■ Task objective:
Word for word, print each line of the listing below; pictures stay out.

■ Data to process:

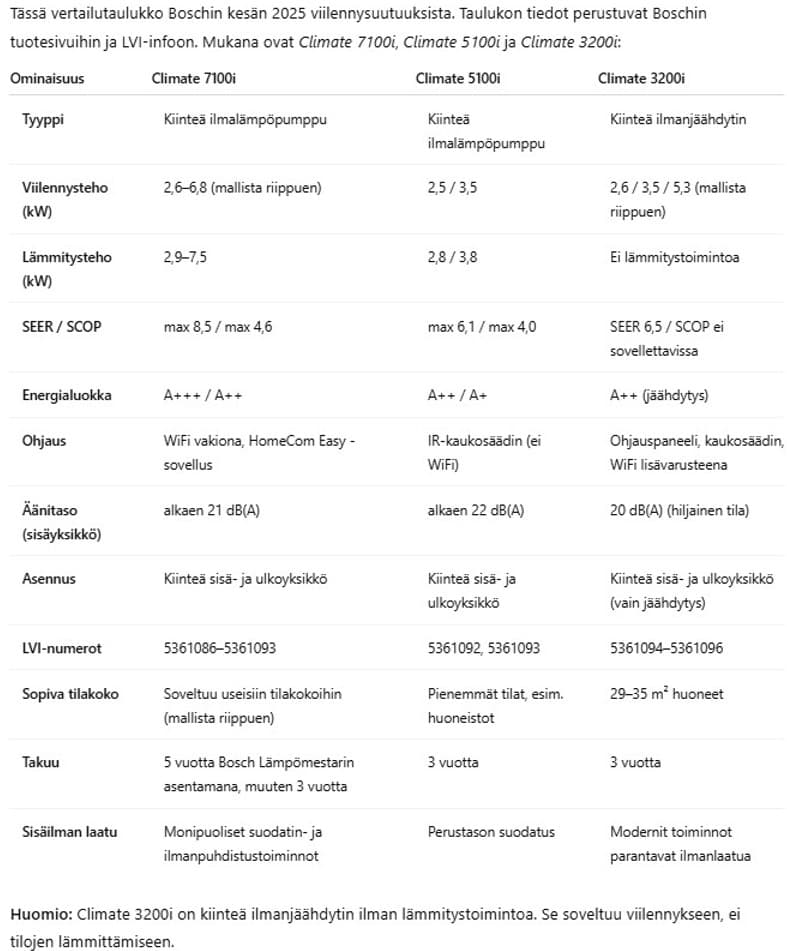 Vertailutaulukko 2025 uutuuksista
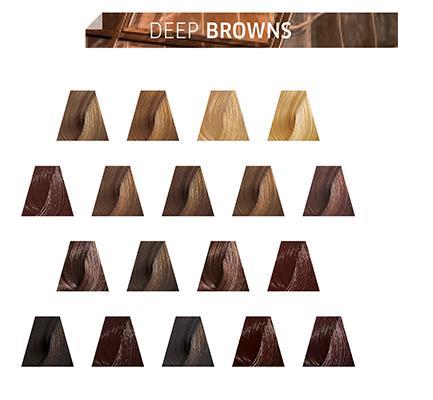 Grote foto color touch deep brown kleding dames sieraden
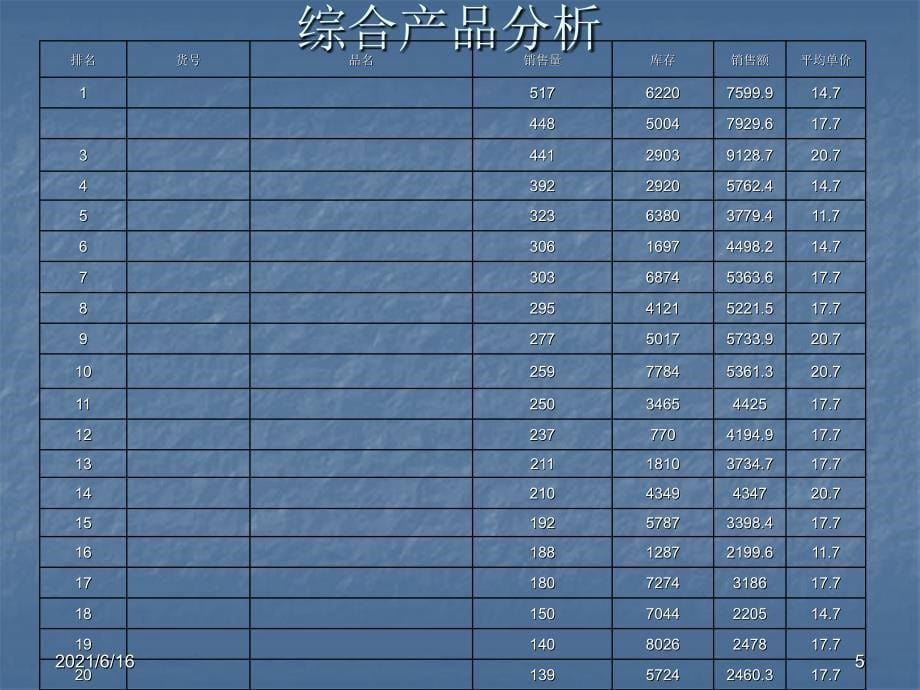 经营分析PPT课件_第5页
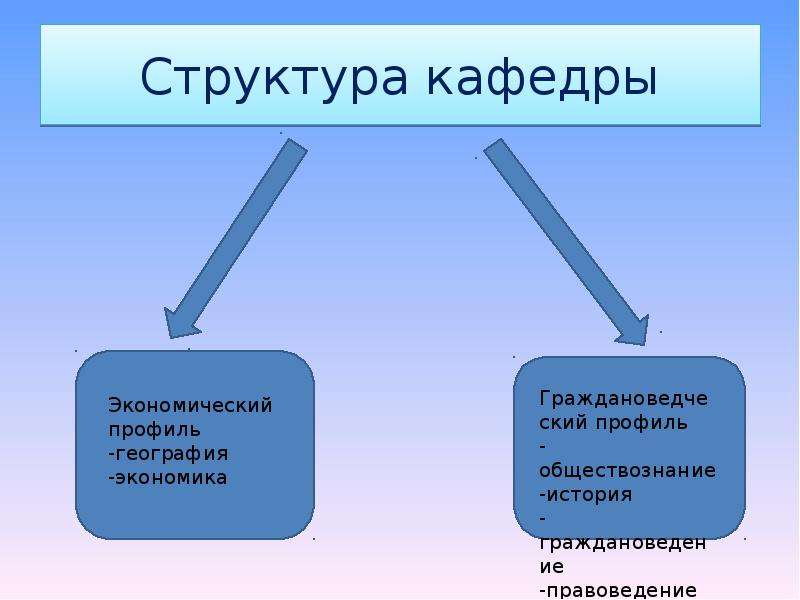 Обществознание профиль русский. Обществознание профиль. Профильное Обществознание. Профиль история и Обществознание. Профиль экономика и право.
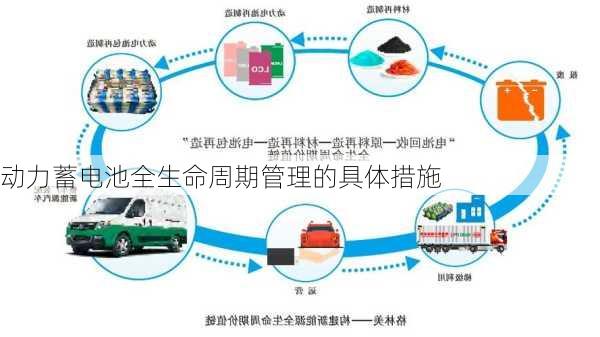 动力蓄电池全生命周期管理的具体措施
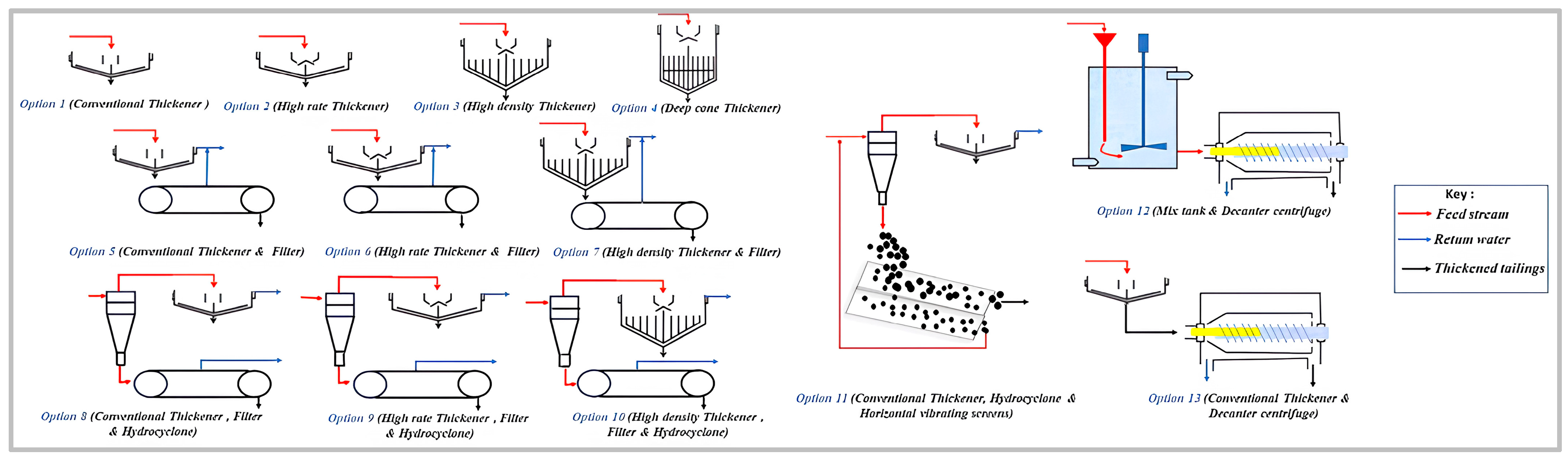 Waterless high-density hydro makes more energy from less elevation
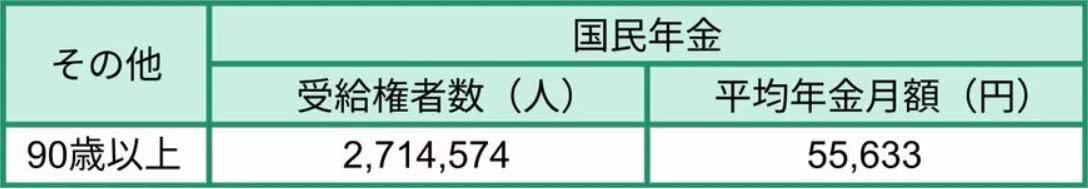 2026年度の年金額はいくら増える？国民年金・厚生年金の改定内容, 国民年金・厚生年金の具体的な年金額（2026年度の例）, 【要注意】2026年改定後の年金はいつから？支給日カレンダーで確認, 2026年の年金支給日と支給対象月, なぜ4月支給分は増額されない？年金「後払い」の仕組み, おさらい：日本の公的年金「2階建て」の仕組みとは, 国民年金（1階部分）の基本, 厚生年金（2階部分）の基本, 【年代別】厚生年金の平均受給月額はいくら？60歳代から90歳代以上まで, 60歳代（60～69歳）の厚生年金平均月額, 70歳代（70～79歳）の厚生年金平均月額, 80歳代（80～89歳）の厚生年金平均月額, 90歳以上の厚生年金平均月額, 【年代別】国民年金の平均受給月額は？60歳代から90歳代以上まで, 60歳代（60～69歳）の国民年金平均月額, 70歳代（70～79歳）の国民年金平均月額, 80歳代（80～89歳）の国民年金平均月額, 90歳以上の国民年金平均月額, データで見る高齢者世帯の生活実態, 高齢者世帯の生活意識, まとめ：自分の年金見込額を把握し、早めに老後資金の準備を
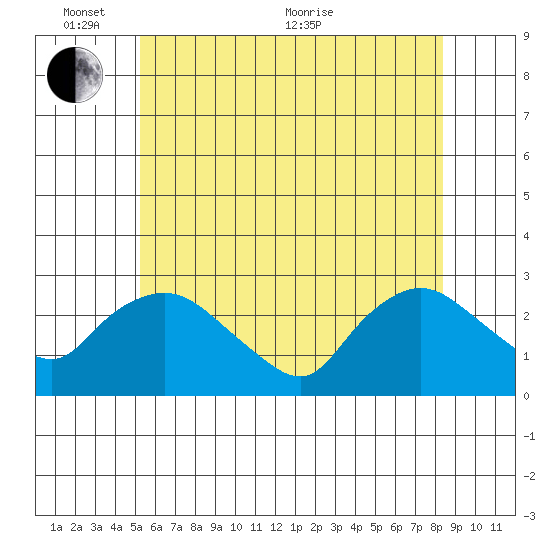 Tylerville tide chart for Tuesday, June 7, 2022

■ Task response:
 Vertailutaulukko 2025 uutuuksista
 Grote foto color touch deep brown kleding dames sieraden
 经营分析PPT课件_第5页
 Обществознание профиль русский. Обществознание профиль. Профильное Обществознание. Профиль история и Обществознание. Профиль экономика и право.
 动力蓄电池全生命周期管理的具体措施
 Waterless high-density hydro makes more energy from less elevation
 2026年度の年金額はいくら増える？国民年金・厚生年金の改定内容, 国民年金・厚生年金の具体的な年金額（2026年度の例）, 【要注意】2026年改定後の年金はいつから？支給日カレンダーで確認, 2026年の年金支給日と支給対象月, なぜ4月支給分は増額されない？年金「後払い」の仕組み, おさらい：日本の公的年金「2階建て」の仕組みとは, 国民年金（1階部分）の基本, 厚生年金（2階部分）の基本, 【年代別】厚生年金の平均受給月額はいくら？60歳代から90歳代以上まで, 60歳代（60～69歳）の厚生年金平均月額, 70歳代（70～79歳）の厚生年金平均月額, 80歳代（80～89歳）の厚生年金平均月額, 90歳以上の厚生年金平均月額, 【年代別】国民年金の平均受給月額は？60歳代から90歳代以上まで, 60歳代（60～69歳）の国民年金平均月額, 70歳代（70～79歳）の国民年金平均月額, 80歳代（80～89歳）の国民年金平均月額, 90歳以上の国民年金平均月額, データで見る高齢者世帯の生活実態, 高齢者世帯の生活意識, まとめ：自分の年金見込額を把握し、早めに老後資金の準備を
 Tylerville tide chart for Tuesday, June 7, 2022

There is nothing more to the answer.